Na celebração litúrgica, toda ela «tecida» de sinais que significam e realizam, no modo próprio de cada qual, o mistério salvífico, «olhar» e «ver» são de importância fundamental.
Por Secretariado Diocesano da Liturgia
Tanto se o olhar perscruta a ação ritual, permitindo participar mediante «ritos e preces», como se a visão se detém na contemplação de uma iconóstase que introduz o orante na história divina da salvação mesmo ocultando uma parte significativa da ação sacramental, apenas entrevista nos momentos fugazes em que se entreabrem as portas santas.
Urge recuperar e elevar a visão como caminho de participação litúrgica e não apenas de distração enleada que assiste no desfilar de imagens fugidias de um espetáculo incapaz de focar a obra divina que, não obstante, acontece diante dos nossos olhos sempre tentados a mudar de canal.
Cuidado particular tem de nos merecer a luz na celebração. Não pensamos, principalmente, nas razões funcionalistas e pragmáticas que, sem dúvida, importa assegurar. Quem, por exemplo, lê a palavra, seja de Deus seja a Deus, precisa de ver e de ser visto. Esse patamar mínimo tem de ser assegurado.
Mas a perspetiva típica da Liturgia é simbólica e não funcional. A luz é um símbolo apropriado e praticamente universal da natureza divina: «Deus é luz e nele não há trevas» (1 Jo 1, 5); é fonte de luz (Sl 35, 11), habita numa luz inacessível (1 Tim 6, 16). Já no AT o Messias era prometido como «luz» (Is 49, 6; 60, 1). E, vindo ao mundo, o Verbo, luz verdadeira, ilumina todo o homem (Jo 1, 9). O próprio Jesus se apresentou como «a Luz do mundo» (Jo 8, 12).
O tratamento da luz natural e artificial no edifício de culto nunca é questão menor. E, por isso, projetar uma Igreja não é como projetar um pavilhão polidesportivo.

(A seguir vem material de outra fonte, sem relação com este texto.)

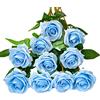 DuHouse 10 rose finte fiori di seta artificiali fiori di rosa finto fiore lunghi steli bouquet per organizzare matrimoni centrotavola festa casa decorazione cucina (Blu cielo)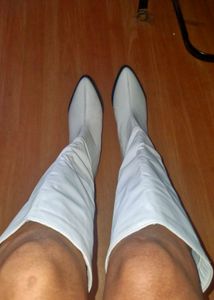 White Knee High Boots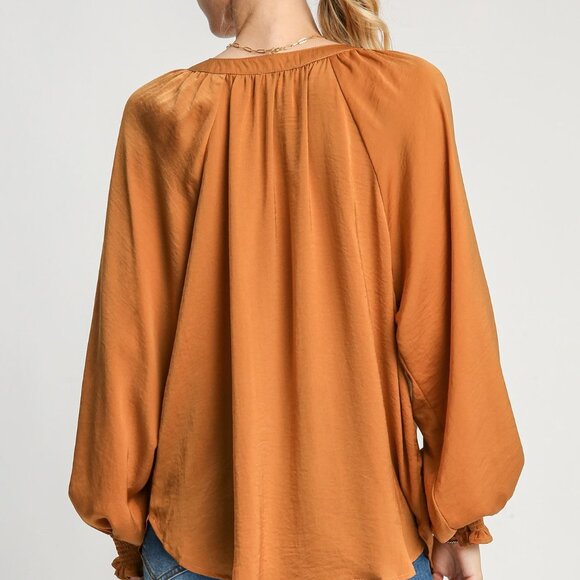 UMGEE Satin Round Neck Top - Picture 4 of 4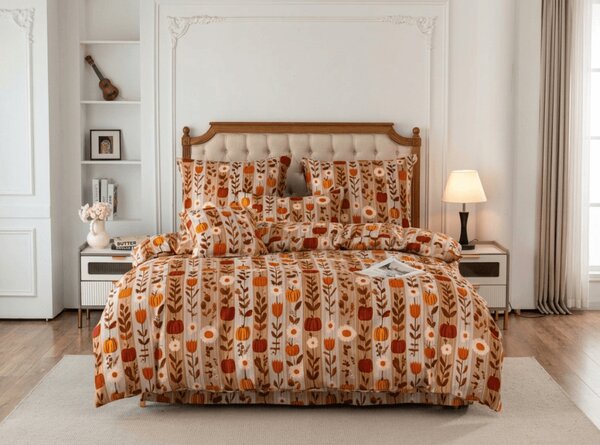 Posteljnina iz mikrovlaken PUMPKIN STRIPES barvna Dimenzije posteljnine: 70 x 90 cm | 140 x 200 cm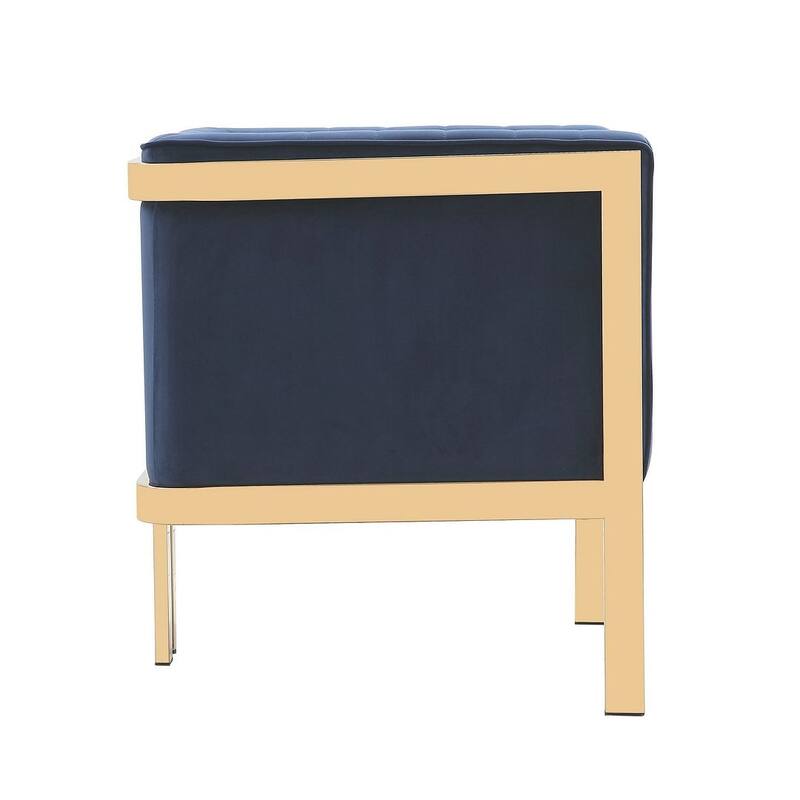 Manhattan Comfort Paramount Brass Velvet Accent Armchair (Set of 2)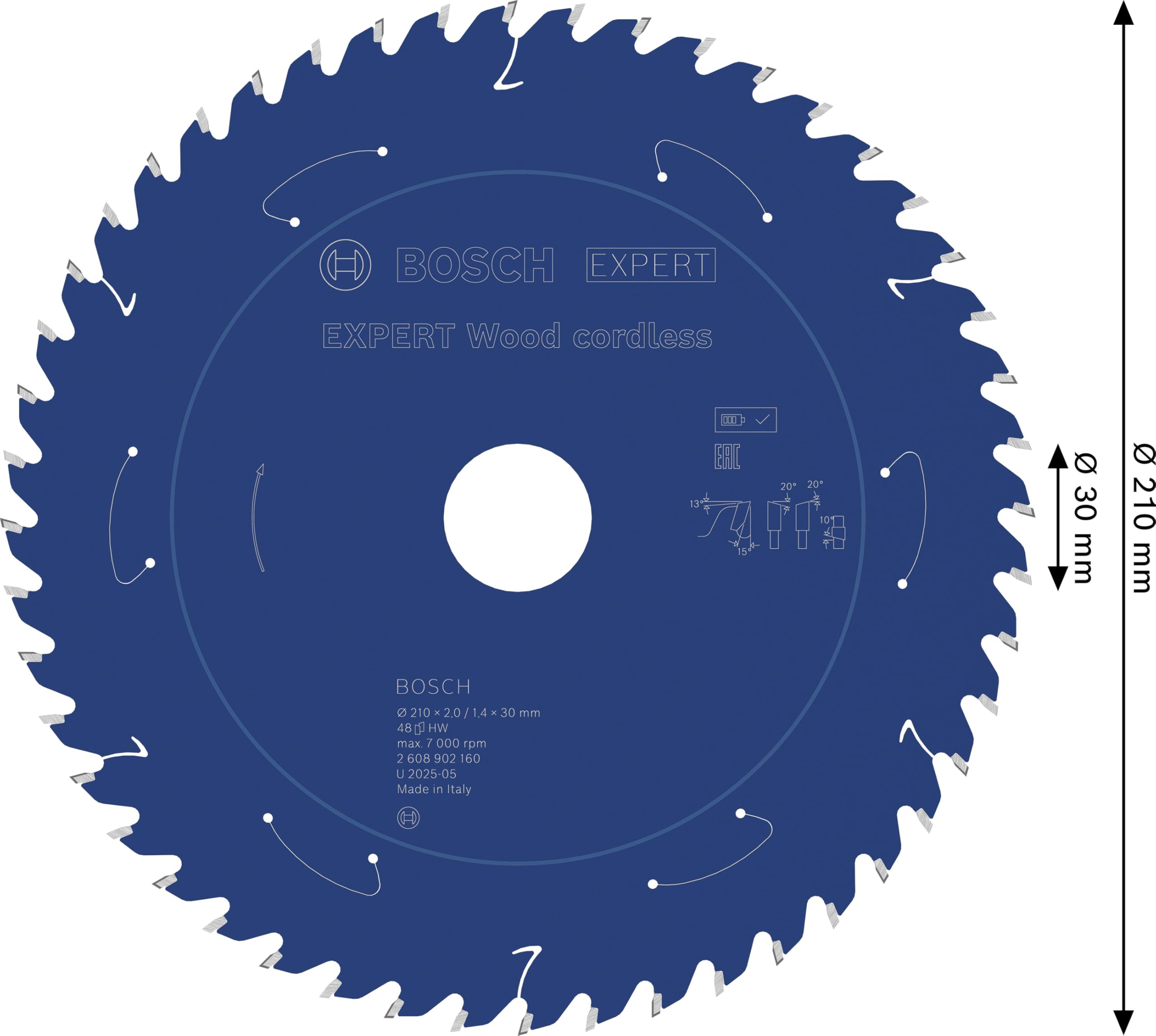 Bosch 1x Tarcza pilarska EXPERT Wood cordless (do Miękkie drewno, Ø mm, Professional Akcesoria Bezprzewodowa stołowa pilarka tarczowa)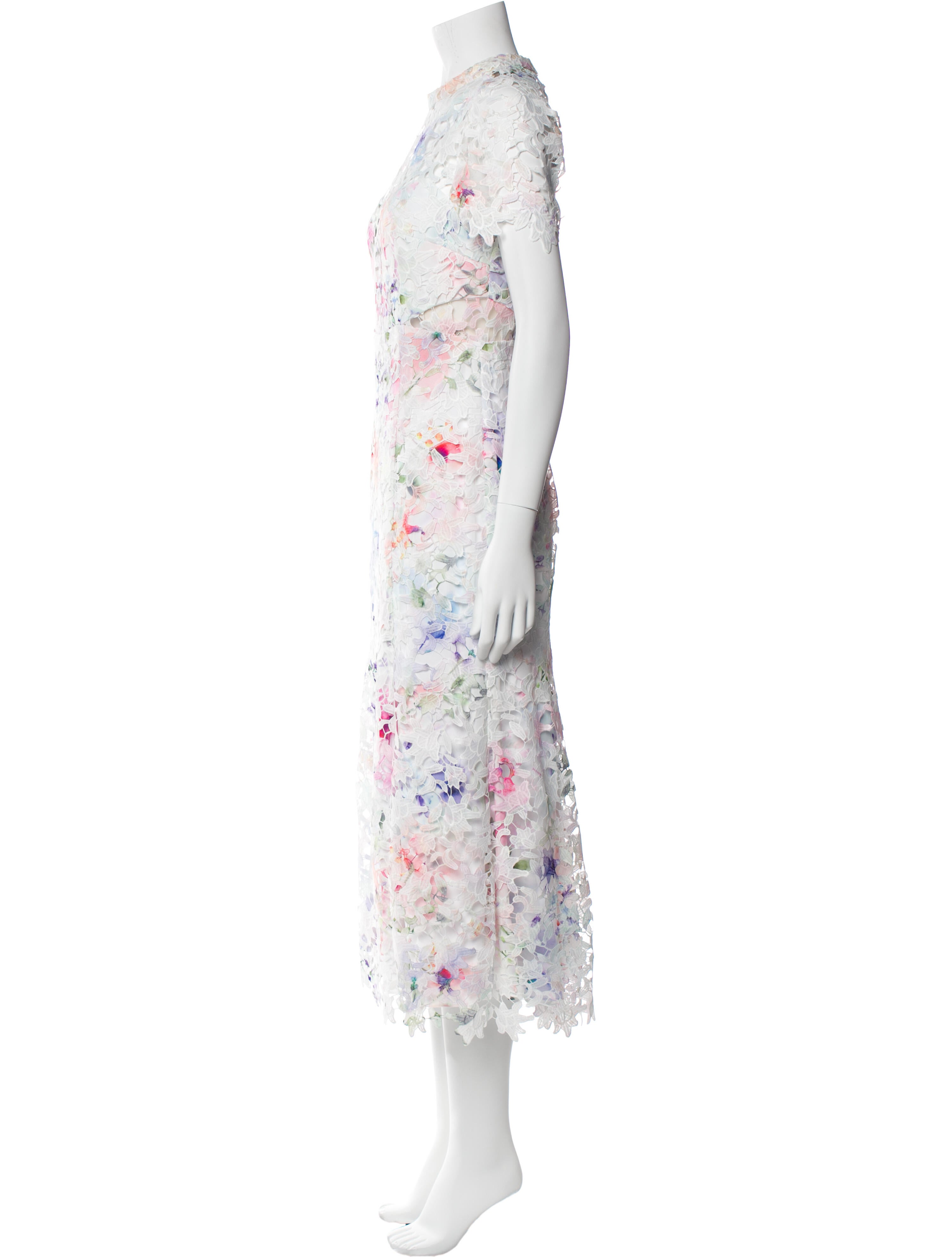 ML Monique Lhuillier Floral Print Long Dress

Na mesma perspetiva poética e simbólica, é muito significativa a tradição cristã de, tanto quanto possível, edificar as Igrejas alinhadas de poente (fachada) para oriente (cabeceira ou ábside). Os judeus apontam as suas sinagogas para Jerusalém; os muçulmanos alinham as suas mesquitas na direção de Meca. Os cristãos, «orientando» as suas Igrejas, não fixam nenhum lugar geográfico particular mas voltam-se para Cristo Ressuscitado, o verdadeiro «Sol nascente» que se levanta das alturas para iluminar os que jazem nas trevas e na sombra da morte (Lc 1, 78-79).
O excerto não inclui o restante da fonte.